Calisa mengangkat kedua alisnya tinggi-tinggi. "Apa hak kalian mengusir saya?"
Silakan men-judge Calisa lancang. Terlebih, dia hanya pendatang. Namun, rasanya mengusir orang yang akan masuk tempat ibadah bukanlah perbuatan bijak.
"Kamu pasti bukan Muslim!" tuduh dua penjaga, menatap nanar kedua kaki jenjang Calisa.
Stereotip, lagi-lagi stereotip. Calisa mendesah. Di rumah, ia berurusan dengan fanatisme beragama. Di luar rumah, ia berhadapan dengan stereotip. Memang tidak enak terlahir sebagai blasteran.

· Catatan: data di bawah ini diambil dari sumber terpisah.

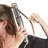  Infinitipro By Conair® Curl Secre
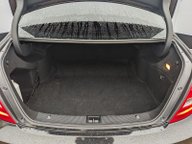 Mercedes-Benz C Class C250 CDI BLUEEFFICIENCY AMG SPORT 18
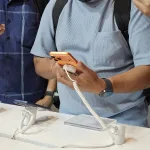 Iphone 18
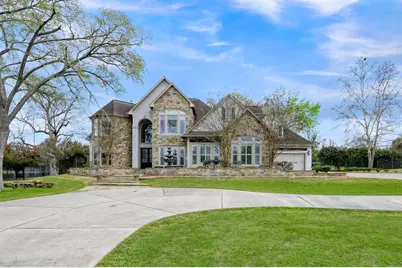 50 Lake Estates Drive, Montgomery, TX 77356 - Photo 1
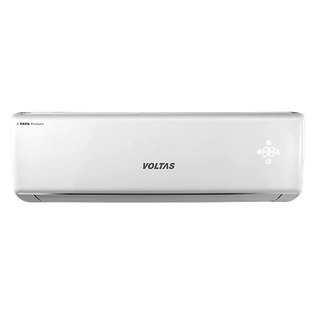 Voltas Split AC 241 CZO 2 Ton 1 Star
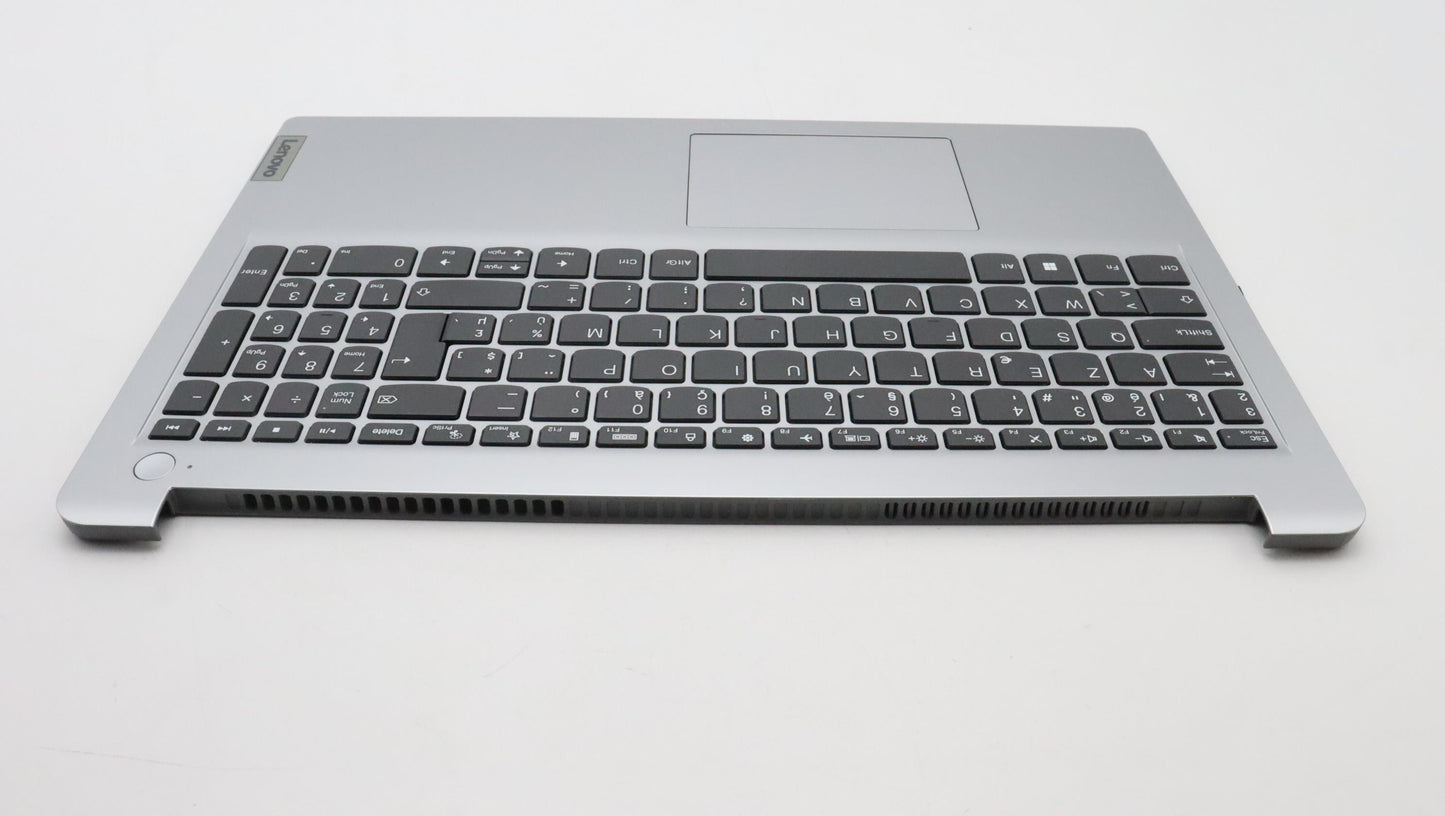 Lenovo Cover Upper Case Assembly Bel - 5CB1H70729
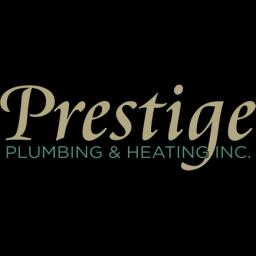 Prestige Plumbing & Heating, Inc. delivers expert plumbing and heating solutions in NYC with a commitment to sustainability.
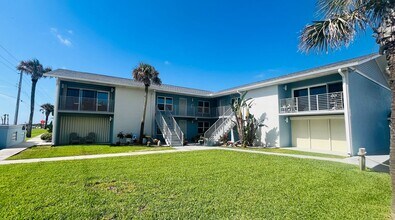Building Photo - 2250 Ocean Shore Blvd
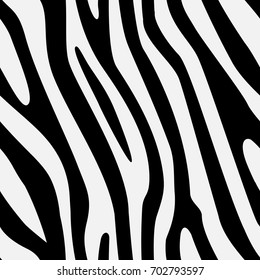 1,832 Zebra like Images, Stock Photos & Vectors | Shutterstock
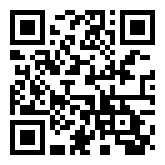 http://nuojin.vip/post/68437.html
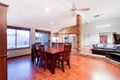Property photo of 2 Ridley Court Leeming WA 6149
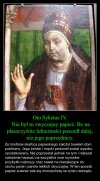 Super koleś...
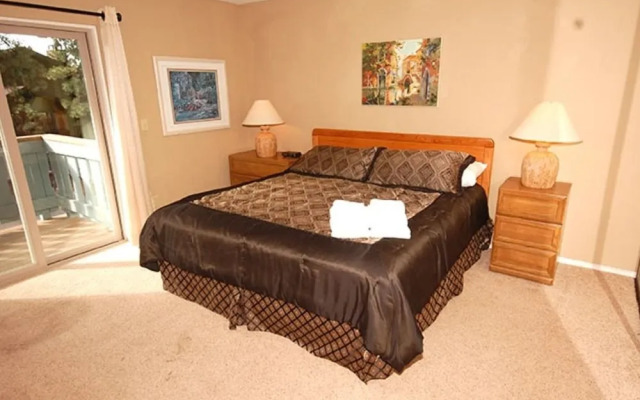 1233 Timber by RedAwning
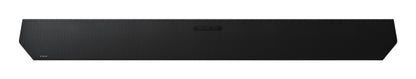 Samsung Q-series Cinematic Soundbar HW-Q800F (2025)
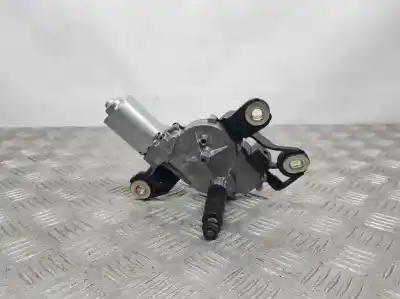 İkinci el araba yedek parçası  için VOLKSWAGEN GOLF VI (5K1)  OEM IAM referansları 5K6955711B  039201207
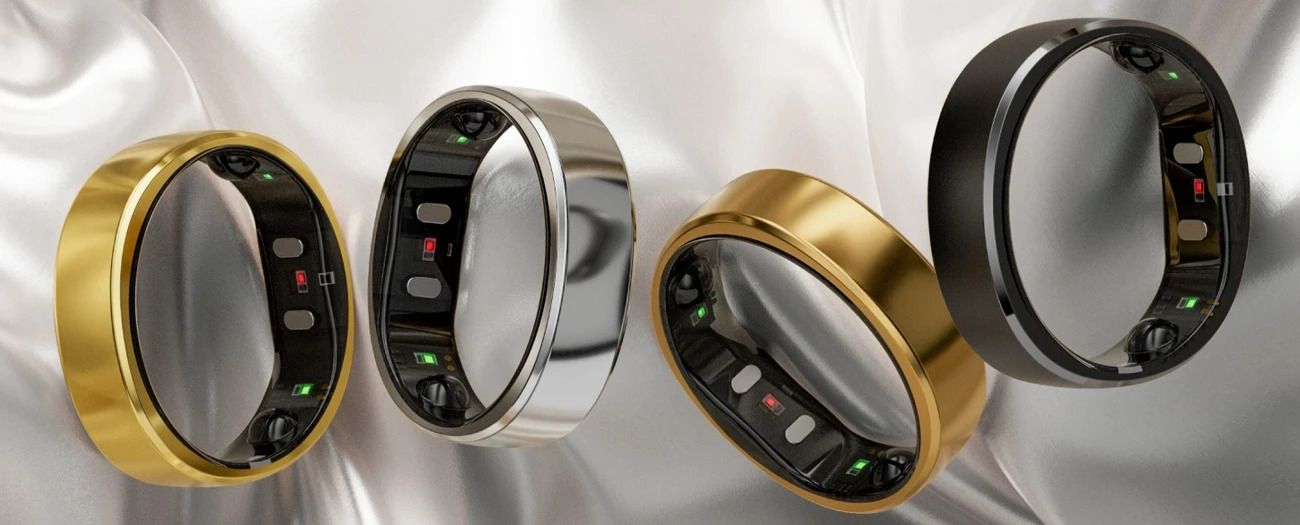 ringconn gen 2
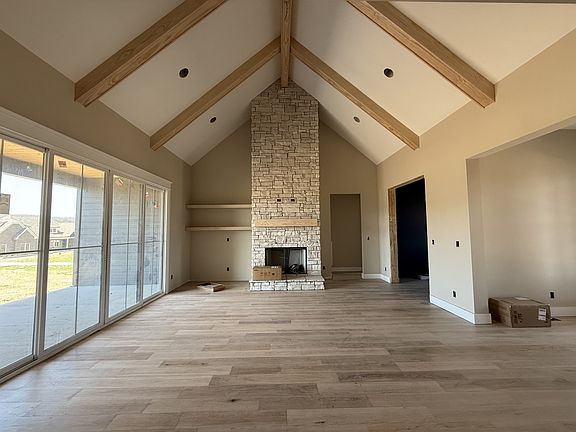 3rd image of 7375 Beasleys Bend Rd Lot 10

"Jangan asal menuduh, ya. Saya Muslim, sama seperti jamaah di masjid ini." kata Calisa berani.
"Kenapa kami harus percaya? Kamu tidak cocok jadi Muslim. Bajumu yang seksi, kulit putihmu, wajah bule..."
Calisa tertawa hambar. Jika mereka tahu siapa dirinya, siapa ayahnya, dapat dipastikan lidah mereka beku. Ingin rasanya Calisa naik ke langit dan memprotes Allah. Ya, Allah yang Maha Cinta, tidak bolehkah orang kulit putih dan berbaju seksi memeluk Islam?
"Jangan sok tahu. Pokoknya, saya Muslim. Dan saya ke sini untuk shalat. Ok?"
"Beraninya bilang kami sok tahu! Mana ada Muslimah kayak kamu?"
Lelahnya Calisa berdebat dengan mereka. Waktu sudah menipis. Ia takut, takut sekali ketinggalan shalat. Apa sebaiknya ia cari masjid lain saja?
Belum sempat memikirkan plan B lebih jauh, sebuah BMW M235i Coupe putih berhenti. Pintu pengemudi terbuka. Pria tampan berwajah oriental dan berjas dark blue turun dari mobil. Terlihat tangan pria itu melepas kacamatanya. Memperlihatkan sepasang mata sipit bening nan menawan. Sekilas Calisa melirik kacamata yang dilepas sang pria. Oakley, pikirnya. Minus 5.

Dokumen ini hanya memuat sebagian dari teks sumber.